Lo slittamento di sei mesi dello scudo anti-commissariamento INGPI, deciso con la riformulazione di un emendamento nella manovra della Legge di Bilancio 2021, ha scatenato qualche questione nel mondo giornalistico.

Alcuni giornalisti, compresa qualche grande firma, riuniti in un nuovo comitato ‘Salviamo la previdenza dei giornalisti’, hanno sottoscritto un appello rivolto al Presidente della Repubblica, Sergio Mattarella, “per chiedere un intervento presso tutte le istituzioni interessate affinché sia confermata la garanzia pubblica dello Stato sul sistema pensionistico dei giornalisti, come già avvenuto in passato per altri enti previdenziali”.

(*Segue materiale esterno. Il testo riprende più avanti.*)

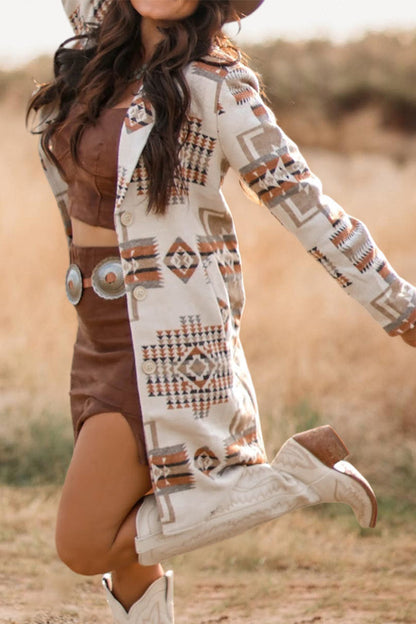 Retro Western Aztec Pattern Lapel Trench Coat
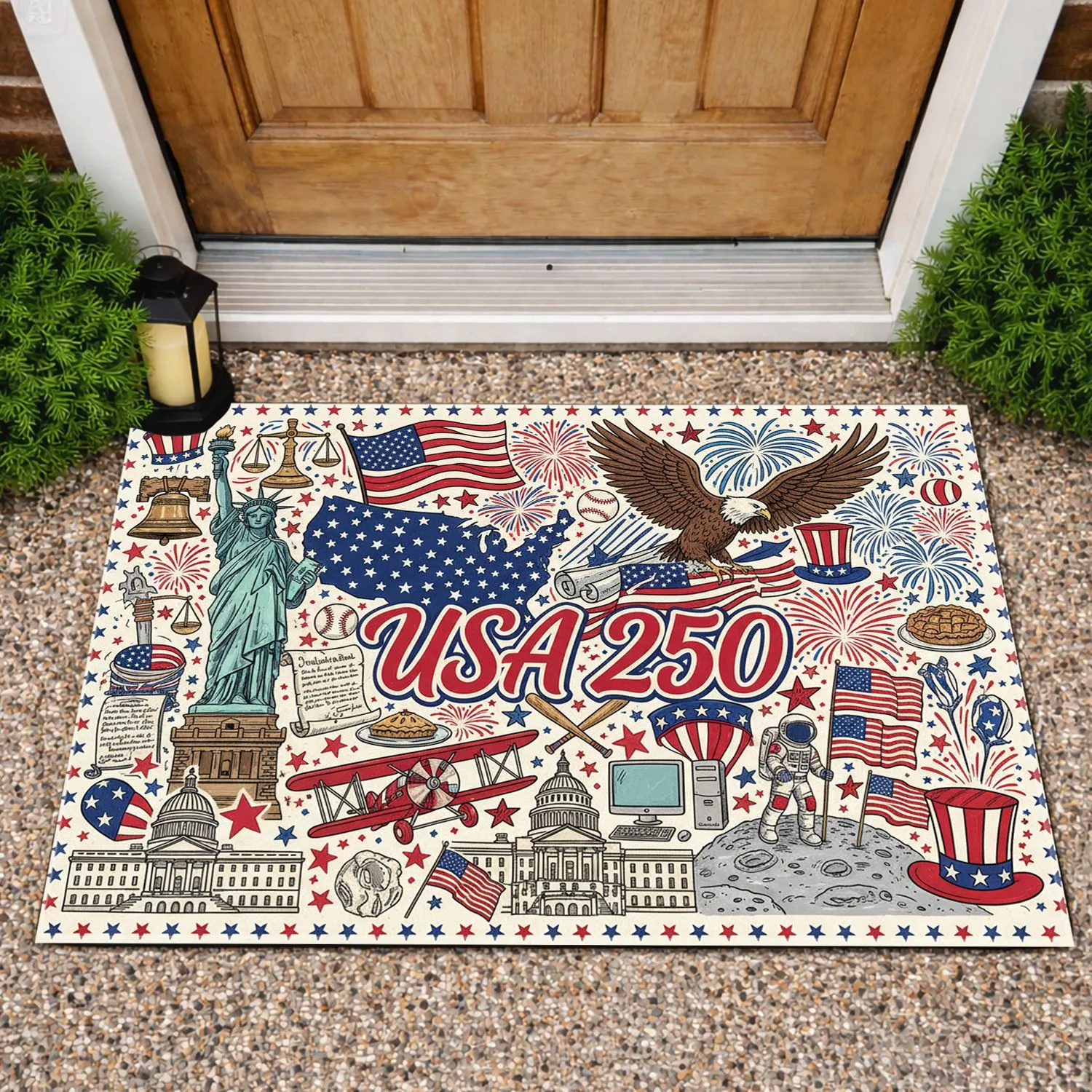 USA 250 Patriotic Collage - Eagle Flag Liberty Bell 250th Anniversary 1776-2026 Doormat - 1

I firmatari, in generale, chiedono che “si valuti con la massima urgenza, con responsabilità e trasparenza, ogni soluzione equa e non punitiva in grado di continuare ad assicurare la pensione e le prestazioni previdenziali a tutti i giornalisti italiani”.

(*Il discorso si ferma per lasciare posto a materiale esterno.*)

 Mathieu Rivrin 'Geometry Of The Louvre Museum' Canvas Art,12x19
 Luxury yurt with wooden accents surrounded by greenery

“Entro pochi anni l’Istituto nazionale di previdenza dei giornalisti (INPGI) non sarà più in grado di pagare le pensioni presenti e future dei giornalisti italiani, mandando in fumo decenni di versamenti, compresi quelli di chi è ancora in servizio attivo”, prosegue l’appello rivolto a Mattarella. “Il grave e strutturale squilibrio tra prestazioni e contributi ha provocato per il 2020 un passivo previdenziale di 197 milioni di euro e un disavanzo di 253 milioni di euro, aggravato dall’aver sopportato per anni l’onere di prestazioni assistenziali”.

L’attuale situazione, osserva il comitato, “rischia di ripercuotersi sul livello e sulla qualità della democrazia del nostro Paese: avere giornalisti che non si vedono garantite le prestazioni previdenziali di oggi e di domani equivale ad avere giornalisti meno indipendenti e in generale una informazione meno libera, contraddicendo nei fatti l’articolo 21 della Costituzione”.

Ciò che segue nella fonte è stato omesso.